Later that year, the Jonses bought a one story house from a local lumberman. Built at the turn of the century, he had personally selected each piece of heart timber used in the house. It had a veranda that encircled the entire house and was laid down on a sand bed a foot thick. The house still stands at 414 N. Orange Street.
“The house was beautiful and cost $1,400. Mr. Hester was looking at it the same time we were and we told the owner we would give him an extra $50 over the price if we could have it,” she said.
The only thing Mrs. Jones disliked about the property was the sand bed, but she quickly remedied that. Her eldest daughter, Mary Williams, 63, explained that “She and papa put up a fence to keep the hogs and traffic out. Then they planted grass and trees and flowers. Mama planted so many trees, there wasn’t room for all of them. Over one ten year period, we got four cords of fire wood from just thinning out the trees in our yard.”
Some of the tall oaks still stand in the yard and flowering azaleas still adorn the property. At the time the family moved in, there were just three houses in the area.
Mrs. Jones recalled another incident that happened in the early years of occupancy. “W. P. Walker, a neighbor and employee of the Perry Grocery, came over and told us one day that someone was apparently stealing most of his chickens’ laying eggs. We looked underneath the playhouse and saw the entire ground was covered with egg shells. It turned out a pole cat was stealing the eggs and eating them. Cornelius (the oldest child at 66 and current manager of the Emporium) went out and shot that old cat,” Mary recollected.
Mary also distinctly remembers the old flintrock road. “They had a rock crusher that would go around crushing rock for laying streets. The streets looked nice, but you could get some of the worst stone bruises you can imagine on that type of road.” She said.

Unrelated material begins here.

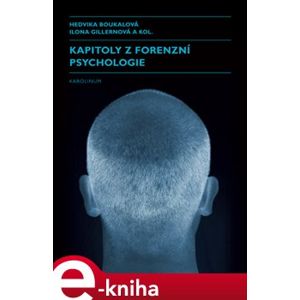 Kapitoly z forenzní psychologie - Hedvika Boukalová, Ilona Gillernová e-kniha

Two of the children still live in Perry, Cornelius and Geneva Greve. The other daughters are Catherine Maxwell of Atlanta, Ga. and Jessie Inman of Bainbridge, Ga.

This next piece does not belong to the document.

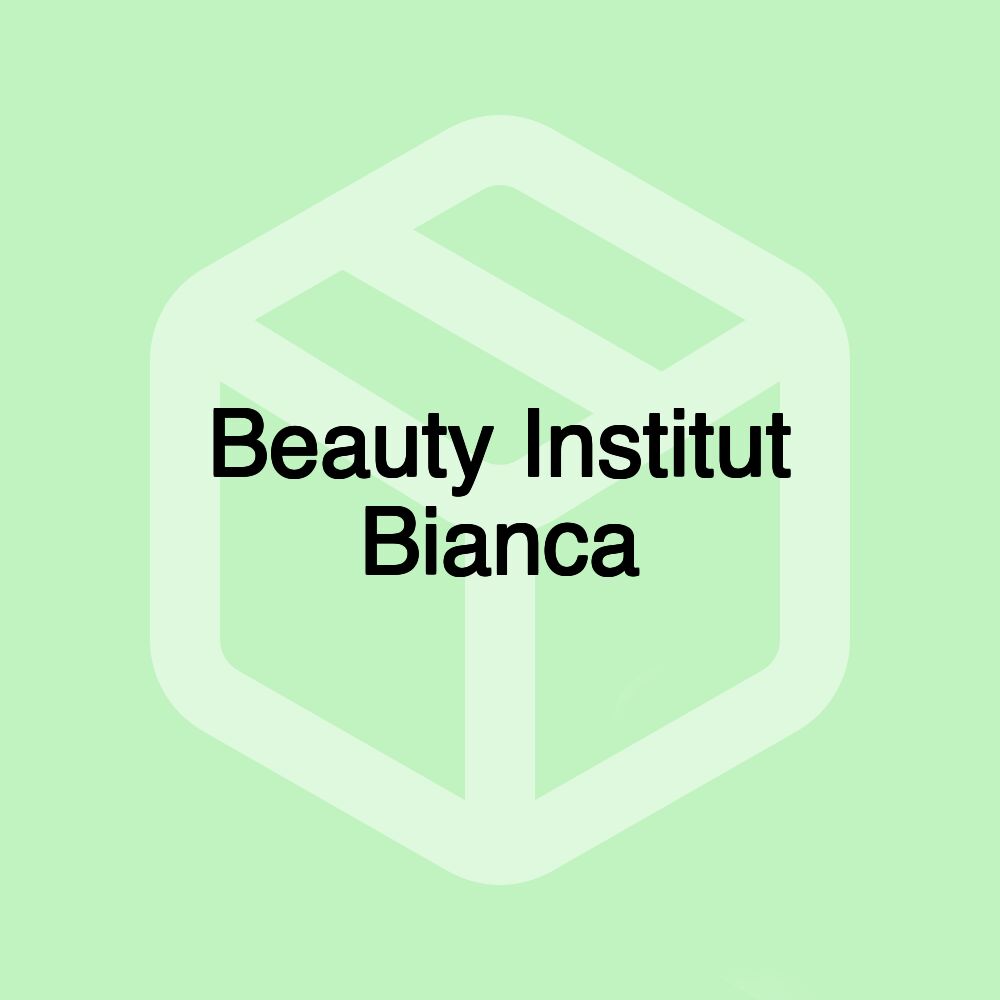 Beauty Institut Bianca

Mary said she and her older brother remembered when their father put up the first show windows Perry ever had on the old store. “It was the prettiest store in town,” Mary said. Her mother added that “Perry had never had a store like ours, we really did some business in those days, except during the depression and the land boom.”
The Emporium never closed its doors. “During the depression, we had a hard time keeping the store open, but somehow we made it,” Cornelius said. He added that his father incorporated the store in 1930.
The family bought back the building on the corner of Green and Washington Street just this year (1976) and put a men’s wear store in it.
Mrs. Jones said that in 1917, Perry, with a population of 1,500, was an ideal town to open the store in. “There were so few businesses here and this was the trading center for fourteen lumber mills. There was Carbur, Salem, Athena, Rocky Creek, Springdale, Burton-Swartz. Loughridge at Boyd, Lake Bird, Shady Grove, Scanlon, Hay’s, Jena, Hinley, Melviney and Interstate,” she said with remarkably clear recollection for her age.
Mary remembers well the countryside around Perry as a girl growing up. “It was beautiful, there were virgin forests all around, the floor of the forest were covered with a mat of pine straw and long stemmed violets grew abundantly. It was the most horrible sight in the world to me when they first cut out all those pretty forests. It was so beautiful,” she concluded.